De partenaire commercial, la Chine est devenue le principal rival militaire des États-Unis. Son objectif est de récupérer Taïwan après avoir récupéré Hong Kong en 1997, et d’instaurer son hégémonie dans la zone indopacifique, devenue une aire de rivalité stratégique. Ce que craignent entre autres les Américains, c’est que la Chine traduise sa puissance économique en force militaire, surtout que Pékin dispose de la plus importante réserve de change au monde, estimée à 3 442 milliards de dollars.

Selon des rapports du Pentagone de 2020, la Chine possède 350 navires militaires contre 293 pour l’US Navy, ainsi que plus de sous-marins, 55 contre 53. La Chine prévoit par ailleurs d’avoir un millier de têtes nucléaires opérationnelles en 2030. En 2027, la marine chinoise sera forte de 400 navires, dont des porte-avions, des destroyers furtifs et des sous-marins nucléaires.

Les États-Unis ont certes plus d’avions de combat, mais la Chine a doublé en trente ans son budget de la Défense, ce que ne peuvent se permettre les États-Unis car leur budget est plombé par la colossale dette publique, à moins de supprimer le financement des dépenses sociales comme la santé et les retraites, ce qui ferait basculer des millions de personnes sous le seuil de pauvreté.

Comment réagiront les États-Unis face à ce nouveau défi militaire dans la zone indopacifique qu’ils contrôlaient ? Chinois et Américains tomberont-ils dans le piège de Thucydide ou sauront-ils l’éviter ?

Le piège de Thucydide

La guerre du Péloponnèse, dont l’historien grec a rendu compte, a duré plus de trente ans, opposant Sparte à Athènes avec la même logique qui régit aujourd’hui les relations internationales.

Thucydide est le premier théoricien qui a observé que les rapports entre États sont régulés par le rapport de force et la peur d’être dominé. Sparte, État guerrier et première puissance navale de la Méditerranée à son époque, se méfiait d’Athènes, dont l’ascension était perçue comme une menace existentielle.

Les guerres entre les nations contemporaines appartiennent à la problématique élaborée par Thucydide il y a 2 500 ans. Les tensions qui avaient mené à la guerre entre Sparte et Athènes sont similaires à celles qui marquent aujourd’hui les relations entre les États-Unis et la Chine, qui se disputent l’hégémonie mondiale.

C’est la thèse de l’universitaire américain Graham Allison, professeur de relations internationales à Harvard, qui a publié un ouvrage en 2018 intitulé « Destined for War. Can America and China escape Thucydides’s trap? ».

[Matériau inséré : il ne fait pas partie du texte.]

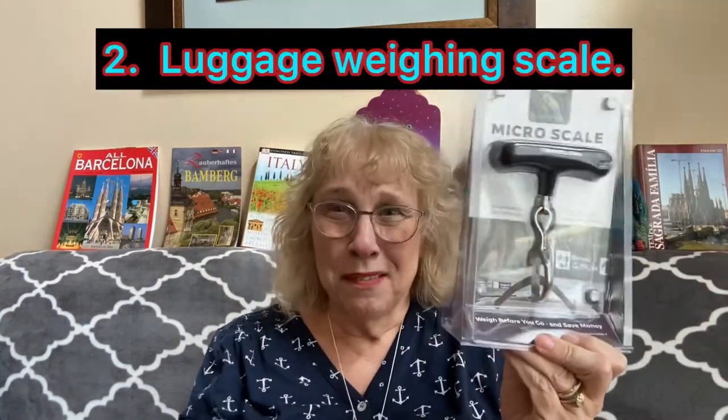First off, you need to have a scale. I bought this a few years ago but haven't gotten to use it yet — that's why it's still in the package. Once you're on your way, you want to bring it with you because when you're packing back on the other end and you've acquired souvenirs, you want to be able to weigh your suitcase again to make sure it's under 50 pounds before you get to the airport.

Le livre a fait suite à un séminaire annuel dans lequel Allison et ses étudiants ont analysé 16 compétitions entre États européens entre les XVIIe et XXe siècles. Ils ont observé que, sur les 16 cas étudiés, 12 ont donné lieu à une guerre entre un État puissant et un autre perçu comme menaçant sa puissance.

De l’analyse historique, Allison tire la loi qu’il dit trouver chez l’historien grec Thucydide, qui écrit : « C’est l’ascension d’Athènes et la peur qu’elle a suscitée chez Sparte qui ont rendu la guerre inévitable ».

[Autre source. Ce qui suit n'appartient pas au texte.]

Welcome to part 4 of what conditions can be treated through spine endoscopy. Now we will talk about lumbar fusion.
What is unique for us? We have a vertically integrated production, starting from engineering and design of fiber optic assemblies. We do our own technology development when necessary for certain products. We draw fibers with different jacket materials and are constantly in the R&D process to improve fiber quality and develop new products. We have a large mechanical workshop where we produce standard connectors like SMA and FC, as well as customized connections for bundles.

Thucydide est le premier théoricien qui a observé que les relations entre États sont régulées par le rapport de force et la peur d’être dominé. Sparte, État guerrier et première puissance méditerranéenne, se méfiait d’Athènes, dont l’ascension était perçue comme une menace existentielle.

Les guerres des deux derniers siècles entre nations européennes, et la guerre froide des années 1950-1980 entre les États-Unis et l’Union soviétique, appartiennent à la problématique théorique élaborée par Thucydide il y a 2 500 ans. Elle est au cœur de la compétition présente entre les États-Unis et la Chine, qui se disputent l’hégémonie mondiale. La Chine conteste la présence militaire américaine dans le Sud-Est asiatique, considéré comme sa zone d’influence, et veut récupérer Taïwan, protégée par les États-Unis.

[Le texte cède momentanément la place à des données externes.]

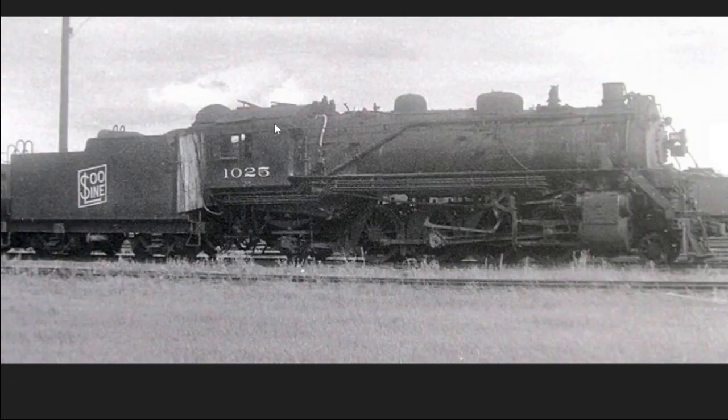Here's a steam locomotive of the Soo Line — nice, pretty, black and white. Anyways, moving on.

Ce dernier pays acceptera-t-il que la Chine devienne le futur hégémon ou bien lui déclarera-t-il la guerre pour l’empêcher d’être la future première puissance mondiale ? C’est le piège de Thucydide dont parle Allison, qu’il espère voir évité. Car il y a 2 500 ans, si Sparte et Athènes avaient eu l’arme nucléaire, il n’y aurait eu plus tard ni culture gréco-romaine ni civilisation méditerranéenne.